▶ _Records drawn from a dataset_
'''

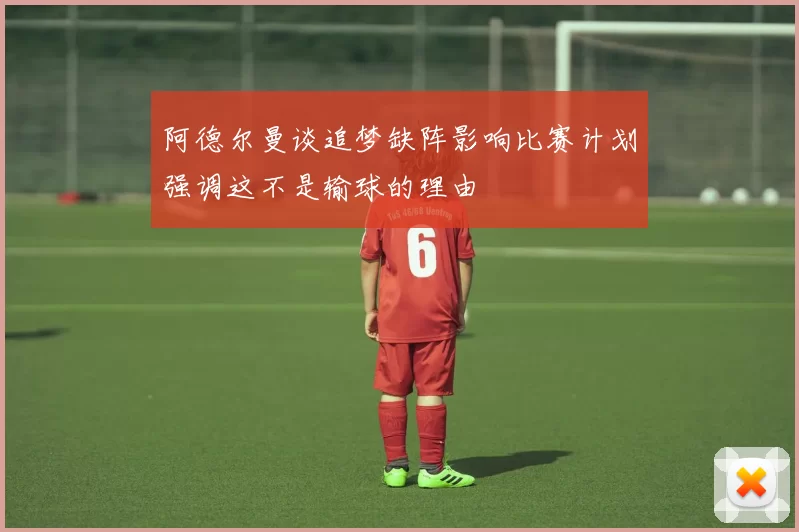 阿德尔曼谈追梦缺阵影响比赛计划强调这不是输球的理由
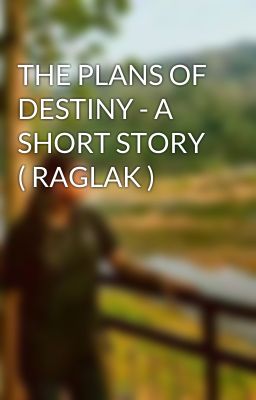 THE PLANS OF DESTINY - A SHORT STORY ( RAGLAK )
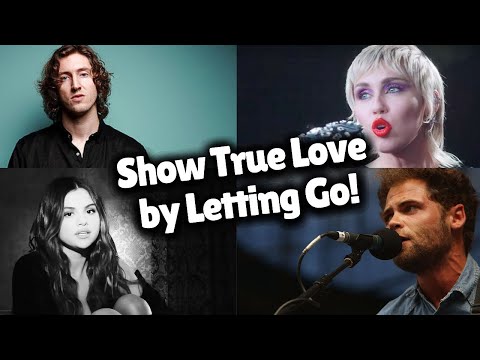 Songs That Show True Love by Letting Go!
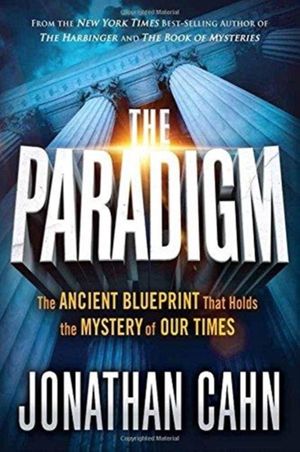 Cover Art for 9781629994796, The Paradigm: The Ancient Blueprint That Holds the Mystery of Our Times by Jonathan Cahn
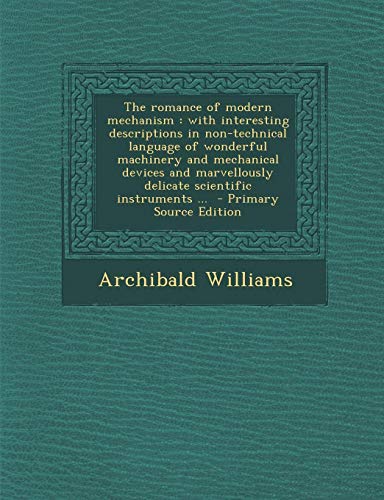 The Romance of Modern Mechanism: With Interesting Descriptions in Non-Technical Language of Wonderful Machinery and Mechanical Devices and Marvellously Delicate Scientific Instruments ... - Click to Buy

'''

▶ _Exercise details_
All entries should be restated word for word; no images belong in the copy.

▶ _Problem solution_
 阿德尔曼谈追梦缺阵影响比赛计划强调这不是输球的理由
 THE PLANS OF DESTINY - A SHORT STORY ( RAGLAK )
 Songs That Show True Love by Letting Go!
 Cover Art for 9781629994796, The Paradigm: The Ancient Blueprint That Holds the Mystery of Our Times by Jonathan Cahn
 The Romance of Modern Mechanism: With Interesting Descriptions in Non-Technical Language of Wonderful Machinery and Mechanical Devices and Marvellously Delicate Scientific Instruments ... - Click to Buy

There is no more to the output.